Bonne nouvelle : Neil Labute est vivant ! On l’avait laissé mourant avec The Wicker Man. Il revient, même si c’est encore au travers d’un film de genre, avec sa subtilité et son anticonformisme habituel.
L’histoire est classique : un jeune couple s’installe dans une banlieue angeleno, et se retrouve harcelé par un flic vindicatif. C’est déjà l’argument de plusieurs films dont Obsession Fatale avec Ray Liotta.
Mais ici, Labute introduit un grain de poivre : le conflit racial, et surtout, il en inverse les clichés : le harceleur est flic et noir, le harcelé est blanc, la harcelée est noire. Un triangle de tensions explosif, qui révèle toutes les contradictions de la société américaine. Si je me plains d’un flic, c’est que je suis démocrate, si je me plains d’un noir, c’est parce que je suis blanc, etc.
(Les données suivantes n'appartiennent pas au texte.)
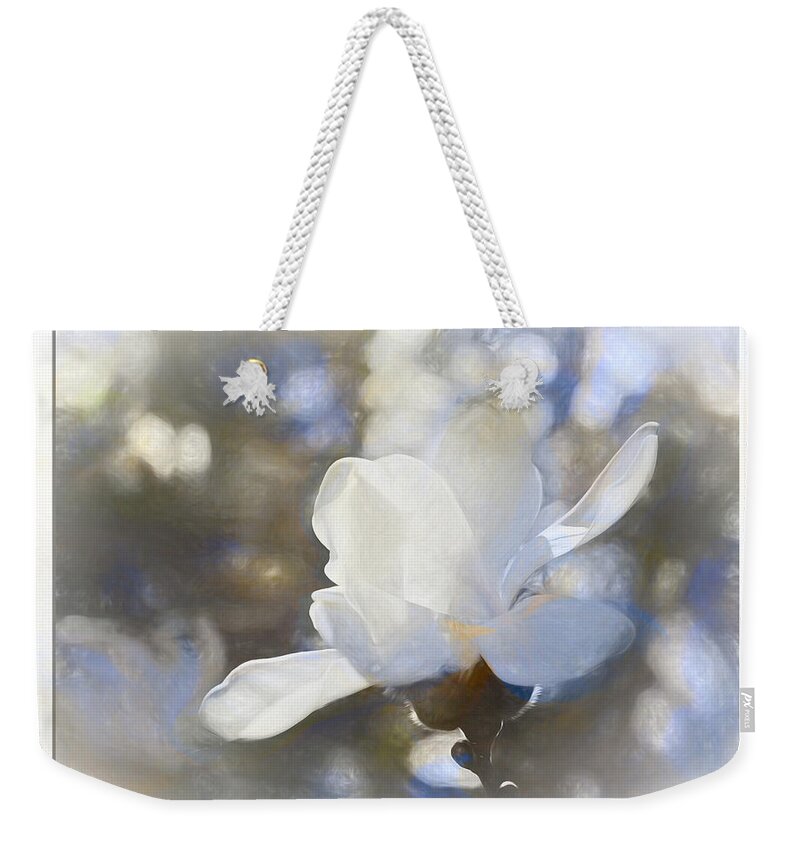 Beauty Weekender Tote Bag featuring the photograph White Magnolia flower blossom in the sunlight by Natalie Rotman Cote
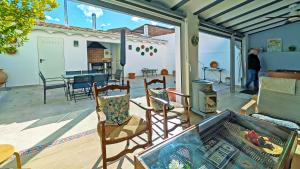 a patio with chairs and a table and a fireplace at La Vieja Parra in La Puerta de Segura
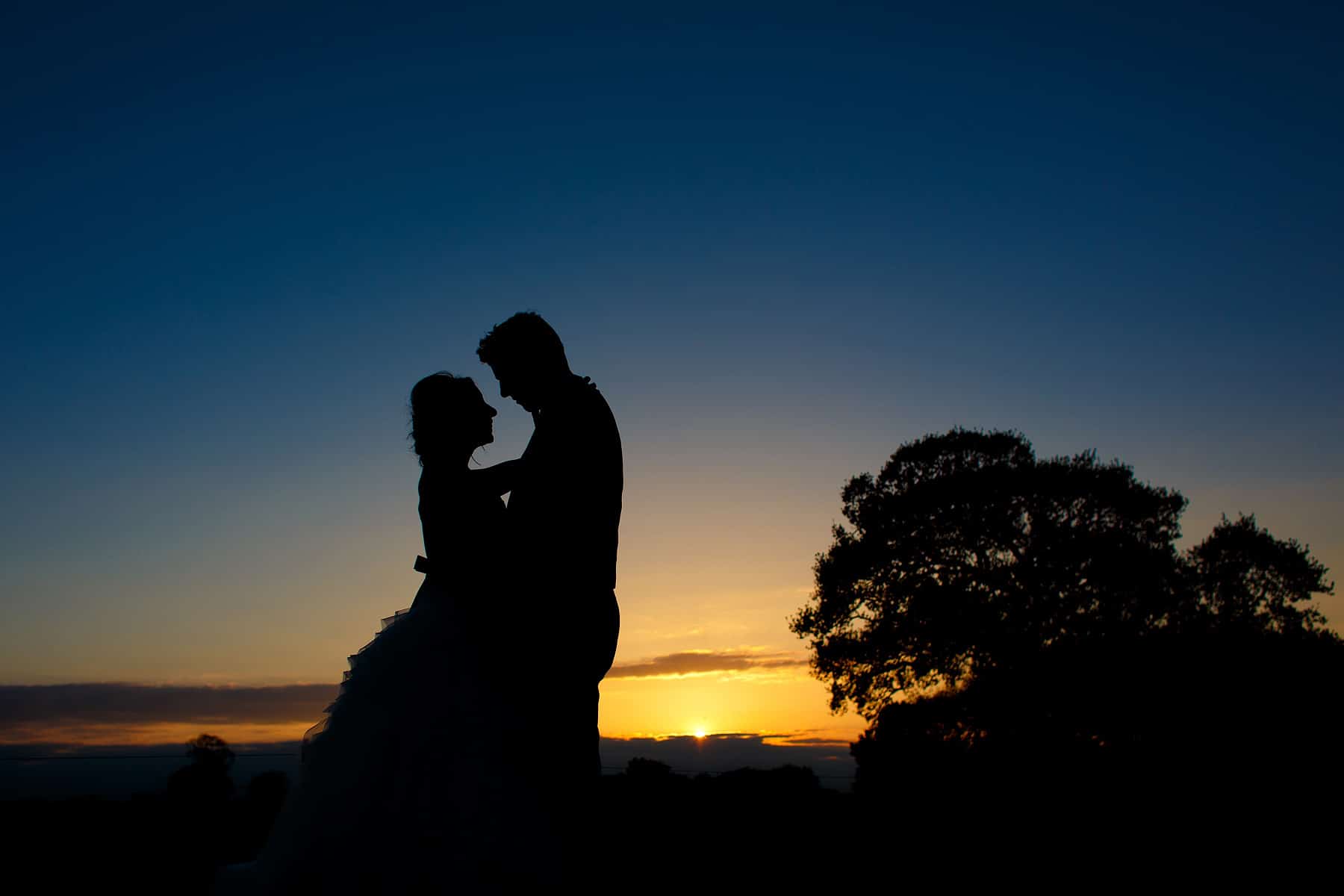 sunset silhouette in the ground of godwick hall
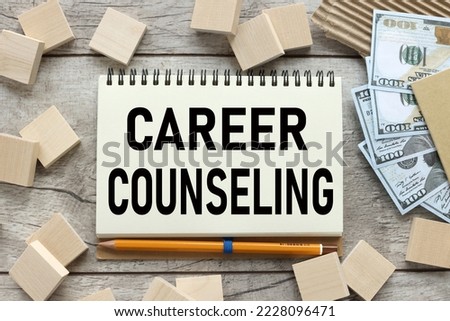 CAREER COUNSELING, written on white sticky note money and wooden blocks top view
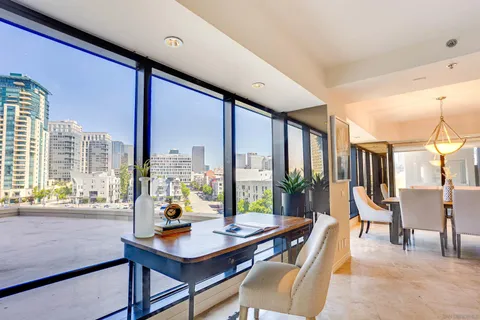 a living room with furniture and large windows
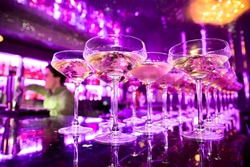 Glasses of champagne on bar counter with barman professional, which making cocktail drinks in background, soft focus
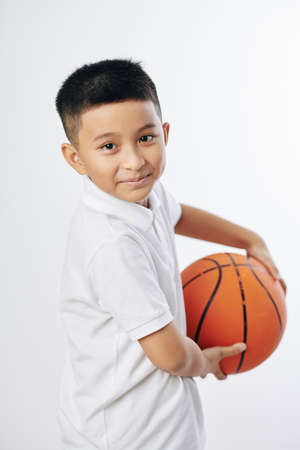 Portrait of cute smiling preteen Asian boy posing with basketball ballの写真素材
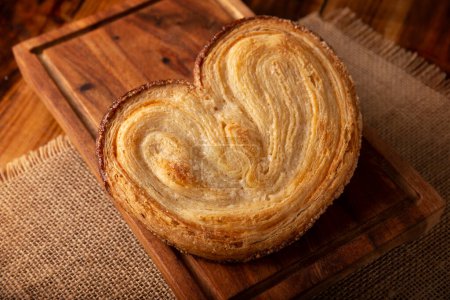Photo for Oreja. Mexican sweet bread made with puff pastry, its name comes from its shape similar to that of ears, of French origin, where it is known as Elephant Ear or Palmier Puff Pastry. - Royalty Free Image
Le personnage du harceleur est porté avec toute la subtilité nécessaire par Samuel L. Jackson. Flic, noir, religieux, républicain, veuf éploré, père de famille autoritaire, Abel* semble n’être qu’un bloc. Pas tant que ça pourtant. Le decent american cop expose sa négritude partout, mais il a tout fait pour s’installer dans un quartier blanc, et réprimande sa fille au moindre écart de langage trop black. Et fait comprendre au petit blanc que malgré sa femme noire, et sa passion pour le rap, il ne sera jamais assez noir.
En face, le mari compose, compense, porte le fardeau de l’homme blanc : le racisme, principe consubstantiel du Maître blanc ? Il s’énerve contre son voisin noir ? « Comme avec mon père, chéri ! » lui répond son épouse. Aucune échappatoire possible.
Soutenu par son producteur Will Smith (noir), Labute (blanc) se régale, dans ces situations politiquement incorrectes où il excelle. Et si le thriller reste très classique, malgré la métaphore de L.A. en flammes, ce harcèlement vaut le détour.
*Labute n’a pas oublié son passage à l’église mormone : son méchant s’appelle Abel (un autre brother, plutôt victime), et son martyr… Chris.